_EXERCISE_
Every line from the line containing "MeloAudio USB C" through the final line of the data is to be printed exactly; no other line is to appear.

★ ★ ★ ★ ★

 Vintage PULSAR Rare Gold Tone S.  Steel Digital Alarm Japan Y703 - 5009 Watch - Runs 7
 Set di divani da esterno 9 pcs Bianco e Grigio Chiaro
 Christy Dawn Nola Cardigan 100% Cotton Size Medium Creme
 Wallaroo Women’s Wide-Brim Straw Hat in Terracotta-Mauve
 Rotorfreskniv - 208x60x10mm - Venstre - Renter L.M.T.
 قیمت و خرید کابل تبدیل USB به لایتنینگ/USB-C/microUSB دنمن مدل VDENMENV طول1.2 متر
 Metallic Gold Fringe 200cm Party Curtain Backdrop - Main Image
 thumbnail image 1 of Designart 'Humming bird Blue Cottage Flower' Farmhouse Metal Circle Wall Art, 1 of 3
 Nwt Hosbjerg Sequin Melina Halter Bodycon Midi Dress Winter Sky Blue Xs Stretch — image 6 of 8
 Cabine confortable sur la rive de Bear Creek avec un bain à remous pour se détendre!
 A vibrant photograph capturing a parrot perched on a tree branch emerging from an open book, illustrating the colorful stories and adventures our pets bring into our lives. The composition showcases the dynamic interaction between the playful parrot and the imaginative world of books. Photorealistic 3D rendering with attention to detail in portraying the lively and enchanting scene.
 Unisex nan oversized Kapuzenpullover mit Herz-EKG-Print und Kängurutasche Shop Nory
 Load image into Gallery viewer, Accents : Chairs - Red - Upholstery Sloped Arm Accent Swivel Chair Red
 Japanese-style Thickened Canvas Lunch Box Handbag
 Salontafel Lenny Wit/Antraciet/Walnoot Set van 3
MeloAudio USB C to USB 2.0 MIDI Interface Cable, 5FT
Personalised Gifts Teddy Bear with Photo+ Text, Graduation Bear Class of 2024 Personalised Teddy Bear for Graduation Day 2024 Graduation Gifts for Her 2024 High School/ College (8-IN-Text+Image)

★ ★ ★ ★ ★

_ANSWER TO THIS EXERCISE_
MeloAudio USB C to USB 2.0 MIDI Interface Cable, 5FT
Personalised Gifts Teddy Bear with Photo+ Text, Graduation Bear Class of 2024 Personalised Teddy Bear for Graduation Day 2024 Graduation Gifts for Her 2024 High School/ College (8-IN-Text+Image)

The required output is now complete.